Breviario del miedo XII

Se abrió paso entre la gente hasta llegar al cuerpo inerte. El último recuerdo que tenía de él era el sonido de su auto calentando motores. 

¿Cómo te hablo para que me escuches ahora?, ¿Cómo te digo todo aquello que te acostumbraste a no escuchar? 

Interminables minutos para que llegaran los camilleros y levantaran el cuerpo. Interminables rostros mirando sus ojos aguantando el llanto. 

¿Por qué no puedes despertar y decirme algo de lo mucho que guardaste para ti? ¿Por qué no deslizas tus dedos equilibristas sobre la cuerda de tu guitarra? 

Luego todo se resumió en ver como se alejaba la Llorona, como se desperdigaba esa multitud sin rostro… Y ella siguió ahí, mirando la bolsa de pan, la guitarra hecha pedazos y el calcetín. 

El noticiero de las nueve habló del accidente de tráfico sobre Circuito Interior. 

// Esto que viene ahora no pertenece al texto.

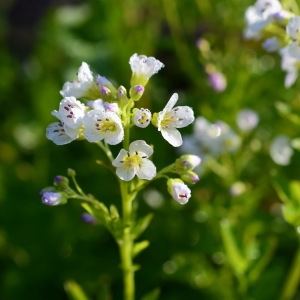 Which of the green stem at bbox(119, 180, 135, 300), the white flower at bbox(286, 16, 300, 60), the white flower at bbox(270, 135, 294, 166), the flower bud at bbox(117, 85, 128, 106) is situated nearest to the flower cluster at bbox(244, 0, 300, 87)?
the white flower at bbox(286, 16, 300, 60)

¿Cómo decirles que no fue un accidente? que me llamaste de tu celular solo para decirme que besara mucho tus fotos en el periódico de mañana. Y ahora, mientras abro la llave de la estufa de gas me pregunto: ¿Quién encontrará mañana los cuerpos de los niños? ¿Quién entenderá que no podríamos vivir sin ti?